Code for my Efficient Data Processing in Spark course.
Repository for examples and exercises from the "Efficient Data Processing in Spark" course (under data-processing-spark). The capstone project is also present in this repository (under capstone/rainforest).
In order to run the project you'll need to install the following:
Windows users: please setup WSL and a local Ubuntu Virtual machine following the instructions here. Install the above prerequisites on your ubuntu terminal; if you have trouble installing docker, follow the steps here (only Step 1 is necessary). Please install the make command with sudo apt install make -y
(if its not already present).
All the commands shown below are to be run via the terminal (use the Ubuntu terminal for WSL users). The make
commands in this book should be run in the efficient_data_processing_spark
folder. We will use docker to set up our containers. Clone and move into the lab repository, as shown below.

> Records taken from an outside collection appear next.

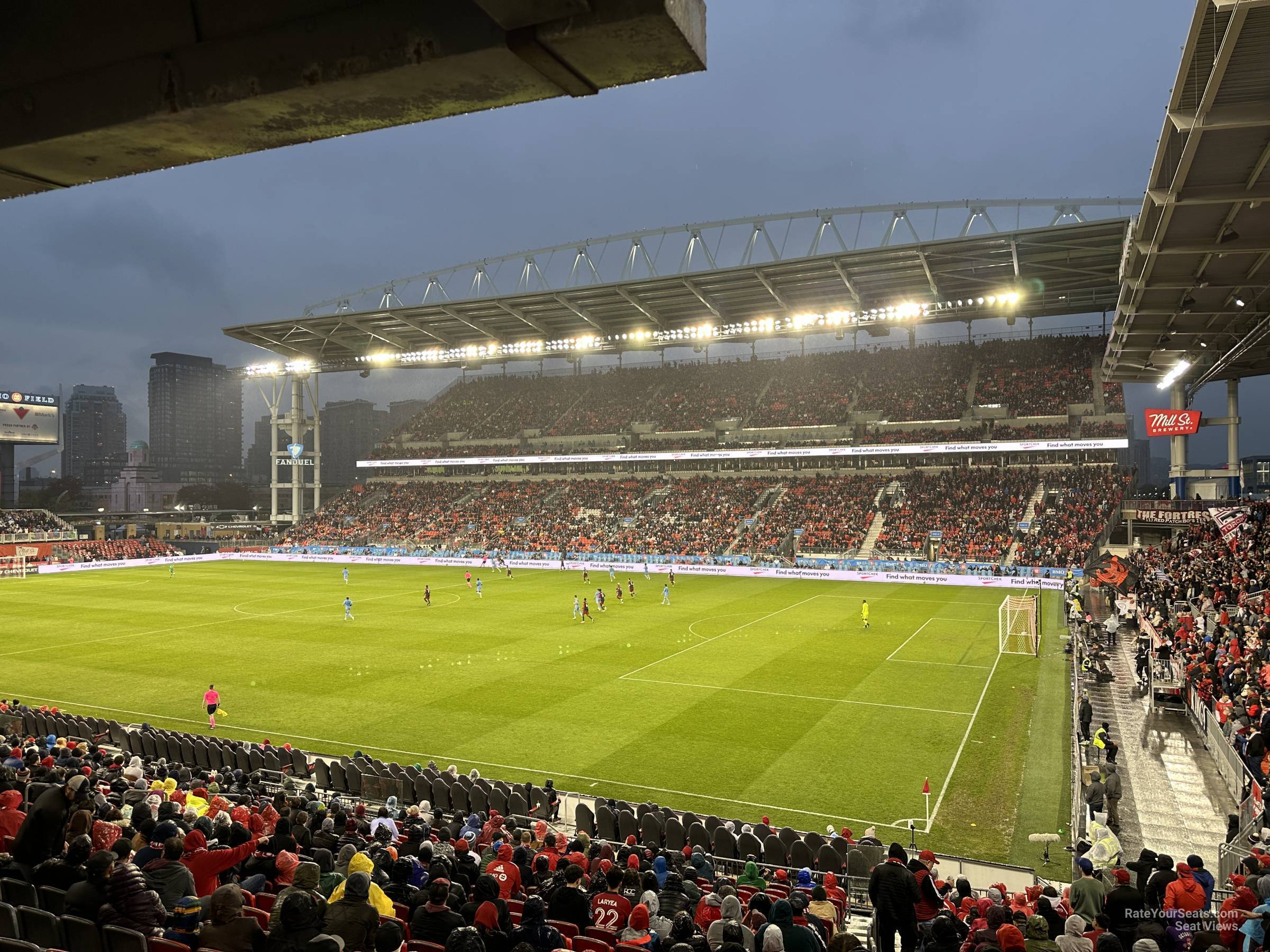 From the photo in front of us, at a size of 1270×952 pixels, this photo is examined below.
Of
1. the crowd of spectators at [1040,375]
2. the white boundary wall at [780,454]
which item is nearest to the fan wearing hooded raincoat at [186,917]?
the white boundary wall at [780,454]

Note: If you are using mac M1 or later, please replace the "FROM deltaio/delta-docker:latest" in data-processing-spark/1-lab-setup/containers/spark/Dockerfile with "FROM deltaio/delta-docker:latest_arm64"

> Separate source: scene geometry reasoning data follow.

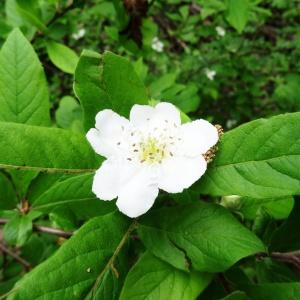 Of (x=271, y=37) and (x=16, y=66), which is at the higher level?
(x=16, y=66)

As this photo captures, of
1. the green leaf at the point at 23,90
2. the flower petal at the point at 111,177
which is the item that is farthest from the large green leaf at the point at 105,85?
the green leaf at the point at 23,90

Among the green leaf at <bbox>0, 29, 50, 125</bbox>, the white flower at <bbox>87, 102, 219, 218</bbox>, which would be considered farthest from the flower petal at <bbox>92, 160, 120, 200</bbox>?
the green leaf at <bbox>0, 29, 50, 125</bbox>

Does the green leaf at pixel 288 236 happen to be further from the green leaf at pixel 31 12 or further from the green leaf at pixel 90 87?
the green leaf at pixel 31 12

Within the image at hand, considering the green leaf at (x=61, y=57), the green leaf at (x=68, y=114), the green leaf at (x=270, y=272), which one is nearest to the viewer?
the green leaf at (x=270, y=272)

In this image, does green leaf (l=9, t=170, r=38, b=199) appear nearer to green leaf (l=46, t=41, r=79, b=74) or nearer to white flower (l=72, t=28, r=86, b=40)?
green leaf (l=46, t=41, r=79, b=74)

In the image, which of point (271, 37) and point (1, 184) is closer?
point (1, 184)

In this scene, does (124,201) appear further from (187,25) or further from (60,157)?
(187,25)

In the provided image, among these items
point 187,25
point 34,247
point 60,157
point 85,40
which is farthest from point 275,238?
point 85,40

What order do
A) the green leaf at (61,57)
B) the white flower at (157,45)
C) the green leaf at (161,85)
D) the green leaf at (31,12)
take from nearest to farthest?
the green leaf at (31,12)
the green leaf at (61,57)
the green leaf at (161,85)
the white flower at (157,45) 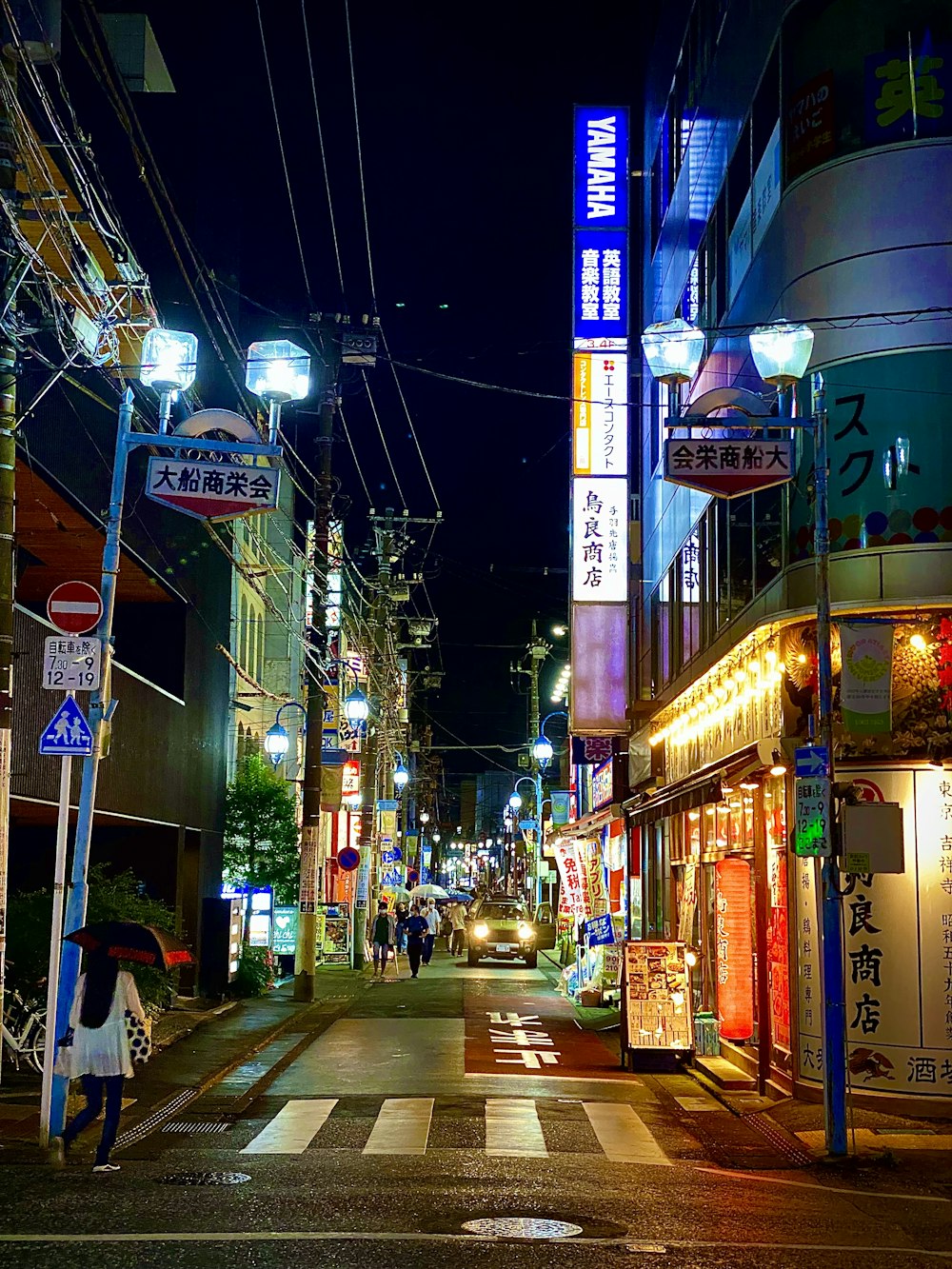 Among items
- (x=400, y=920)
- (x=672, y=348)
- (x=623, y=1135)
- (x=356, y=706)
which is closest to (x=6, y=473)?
(x=672, y=348)

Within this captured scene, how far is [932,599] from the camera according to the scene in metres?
15.3

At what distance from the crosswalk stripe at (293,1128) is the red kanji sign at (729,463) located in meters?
7.30

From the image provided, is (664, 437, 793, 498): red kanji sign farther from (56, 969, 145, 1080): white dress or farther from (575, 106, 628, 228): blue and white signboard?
(575, 106, 628, 228): blue and white signboard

git clone https://github.com/josephmachado/efficient_data_processing_spark.git
cd efficient_data_processing_spark
# Start docker containers and create data for exercises and capstone project
# If you are using mac M1, please replace the "FROM deltaio/delta-docker:latest"
# in data-processing-spark/1-lab-setup/containers/spark/Dockerfile
# with "FROM deltaio/delta-docker:latest_arm64"
make restart && make setup
Makefile lets you define shortcuts for commands that you might want to run, E.g., in our Makefile, we set the alias spark-sql
for the command that opens us a spark sql session.
We have some helpful make commands for working with our systems. Shown below are the make commands and their definitions
make restart
: Stops running docker containers(if any) and starts new containers for our data infra.make setup
: Generates data and loads them into tables and starts spark histroy server where we can see logs/Spark UI for already completed jobs.make spark-sql
: Open a spark sql session; Use exit to quit the cli. This is where you will type your SQL queries.make cr
: To run our pyspark code by pasting the relative path of exercise/example problems under data-processing-spark folder. See example image shown below.make rainforest
: Runs our rainforest capstone project, the entry point for this code is hereThis is how you run pyspark exercise files:
You can see the commands in this Makefile. If your terminal does not support make commands, please use the commands in the Makefile directly. All the commands in this book assume that you have the docker containers running.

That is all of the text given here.